The Truth About Phuong Ngo's Organized Murder Plot

Political rivalries are extremely commonplace. Considering that politicians don't all share the same views as each other, nor represent the same parties, oftentimes they are also competing for the same governmental seat. In running for such positions, it's normal to see political advertising that blasts and attacks opponents. Yet, sometimes it can get even testier than just words and ads.

Legislative violence is a term used to describe exactly what it states: violence during legislation. It's happened in nearly every country around the world, according to the Washington Post. Words are exchanged, and sometimes they are followed by punches. But what happens when the violence goes beyond slugging? For decades, Russian President Vladimir Putin has been accused of allegedly taking out his political rivals. Several of his vocal critics have mysteriously died, per another Washington Post report. Putin has never been linked to any of these deaths, but a cloud of suspicion remains over him.

However, for Australia's Phuong Ngo, there is no suspicion, and the politician currently sits in prison because he turned his political rivalry into a fatal ordeal.

Phuong Ngo's political ambitions

The Vietnamese-born Australian politician was an immigrant success story. Phuong Ngo immigrated to Sydney, Australia, in the early '80s with barely any money, reports Australia's Herald Sun. Still, he managed to find his way up by becoming a businessman as well as an important figure in the city's Vietnamese community. His growing rise and influence gave him political aspirations, and with that, he set a historic milestone. 

In 1987, Ngo was elected to the Fairfield City Council and was the first Vietnamese person in Australia to achieve such a role. However, by the early '90's, Ngo was even more ambitious and wanted a bigger political role. He also wanted to make history again as a Vietnamese, by going for a seat in the Parliament of Australia. But that seat was taken by another man. John Newman was a Member of Parliament (MP) representing Cabramatta — the same district Ngo was gunning for. Both men also stood on opposite ideas. Newman was known to be a by-the-books politician who went hard against crime and gangs. Whereas, Ngo was politically hungry and desired power. He was also accused of being involved in crime and drug-use in Cabramatta, per the Herald Sun.

A shocking political assassination

When Phuong Ngo ran against John Newman in 1991, he lost. Naturally in politics when you lose an election, you either fall into obscurity, run for another seat, or try again. But that likely meant nothing to Ngo. Instead, he had a darker side to him. Apparently, after his loss to Newman, he changed political parties by joining Australia's Labor Party (ALP) — the same party as Newman.

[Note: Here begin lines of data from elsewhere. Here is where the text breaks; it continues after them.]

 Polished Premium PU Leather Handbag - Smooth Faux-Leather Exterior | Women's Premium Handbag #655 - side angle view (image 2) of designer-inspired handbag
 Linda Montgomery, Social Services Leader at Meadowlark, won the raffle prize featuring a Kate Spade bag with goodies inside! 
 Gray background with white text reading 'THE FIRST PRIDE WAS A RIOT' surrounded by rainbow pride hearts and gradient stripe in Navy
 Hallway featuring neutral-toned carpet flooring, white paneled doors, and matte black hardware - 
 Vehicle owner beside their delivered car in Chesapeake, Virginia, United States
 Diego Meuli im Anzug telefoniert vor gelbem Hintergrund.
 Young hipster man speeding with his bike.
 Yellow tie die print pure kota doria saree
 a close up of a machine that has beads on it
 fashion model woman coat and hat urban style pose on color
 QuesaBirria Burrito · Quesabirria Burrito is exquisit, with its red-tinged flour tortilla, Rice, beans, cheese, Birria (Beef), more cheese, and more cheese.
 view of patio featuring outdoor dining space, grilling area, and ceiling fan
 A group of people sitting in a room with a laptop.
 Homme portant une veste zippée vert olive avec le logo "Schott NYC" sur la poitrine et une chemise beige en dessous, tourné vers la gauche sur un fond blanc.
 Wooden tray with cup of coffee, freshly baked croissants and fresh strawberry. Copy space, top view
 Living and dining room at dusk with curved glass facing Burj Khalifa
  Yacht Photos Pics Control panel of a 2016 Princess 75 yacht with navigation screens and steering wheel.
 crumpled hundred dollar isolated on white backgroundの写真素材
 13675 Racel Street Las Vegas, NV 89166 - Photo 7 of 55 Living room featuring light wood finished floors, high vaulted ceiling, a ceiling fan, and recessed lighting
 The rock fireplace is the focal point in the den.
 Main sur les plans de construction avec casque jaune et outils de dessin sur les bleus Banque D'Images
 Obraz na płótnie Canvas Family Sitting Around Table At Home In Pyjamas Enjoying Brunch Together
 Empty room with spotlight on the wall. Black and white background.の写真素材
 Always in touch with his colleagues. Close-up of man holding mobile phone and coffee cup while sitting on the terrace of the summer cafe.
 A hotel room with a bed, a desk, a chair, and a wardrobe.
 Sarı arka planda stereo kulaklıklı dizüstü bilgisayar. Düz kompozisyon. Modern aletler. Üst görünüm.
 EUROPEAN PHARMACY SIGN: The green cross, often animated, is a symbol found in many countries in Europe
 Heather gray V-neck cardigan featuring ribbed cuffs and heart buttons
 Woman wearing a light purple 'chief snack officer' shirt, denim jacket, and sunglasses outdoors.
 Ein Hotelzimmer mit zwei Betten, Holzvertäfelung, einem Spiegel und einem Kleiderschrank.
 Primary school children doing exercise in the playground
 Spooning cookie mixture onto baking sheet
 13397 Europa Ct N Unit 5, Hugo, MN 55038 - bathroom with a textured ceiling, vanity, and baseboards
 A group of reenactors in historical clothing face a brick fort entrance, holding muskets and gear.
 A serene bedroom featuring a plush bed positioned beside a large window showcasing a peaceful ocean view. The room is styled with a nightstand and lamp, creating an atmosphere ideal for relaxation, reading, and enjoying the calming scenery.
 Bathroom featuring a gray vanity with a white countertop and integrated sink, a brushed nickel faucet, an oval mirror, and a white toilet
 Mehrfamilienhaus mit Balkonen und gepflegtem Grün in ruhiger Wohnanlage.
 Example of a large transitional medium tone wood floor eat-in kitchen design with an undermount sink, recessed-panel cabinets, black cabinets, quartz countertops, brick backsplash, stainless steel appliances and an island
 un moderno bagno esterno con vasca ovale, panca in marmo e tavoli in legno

Ngo also let it be known that he was no fan of Newman in an interview afterward. Even beyond interviews, he was often spouting off about how much he disliked Newman. Insomuch that it was common knowledge he hated him (via Herald Sun). 

On September 5, 1994, Newman was assassinated. He was shot dead in his driveway by a killer who fled the scene. He was 47 years old. The shocking crime was Australia's first political assassination, per Daily Telegraph. Since it was such an unusual and horrific incident in Australia, Newman was given a state funeral as a result (pictured above).

The aftermath of Phuong Ngo's arrest and conviction

People suspected Ngo was involved in Newman's death, but it would take a few years before the authorities pointed to him as the mastermind of the crime and placed him in cuffs. Ironically, the very seat that Ngo took out Newman for was succeeded by Reba Meagher (via Crikey), who was already in talks to take over his spot before the assassination. Essentially, this meant Ngo wouldn't have had a shot if he tried, and his next role wouldn't be anything close to politics. 

In 1998, Ngo was charged with Newman's murder, per The Sydney Morning Herald. It took three trials to finally convict him in 2001. The two men Ngo had hired for the assassination, Tu Quang Dao and David Dinh, were both acquitted (via The Sydney Morning Herald). However, Ngo was given a life sentence, which he is currently serving. He's tried to challenge his conviction in the years after being sentenced, but Ngo has exhausted all of his appeals and will likely die in prison. According to the Herald Sun, Ngo presented himself as a well-to-do politician, but it was a facade. Ngo was reportedly deeply entrenched in Cabramatta's underworld and gangs, and he allegedly used his club to manage his organized crime. When he was sent away, authorities noted that crime rapidly decreased.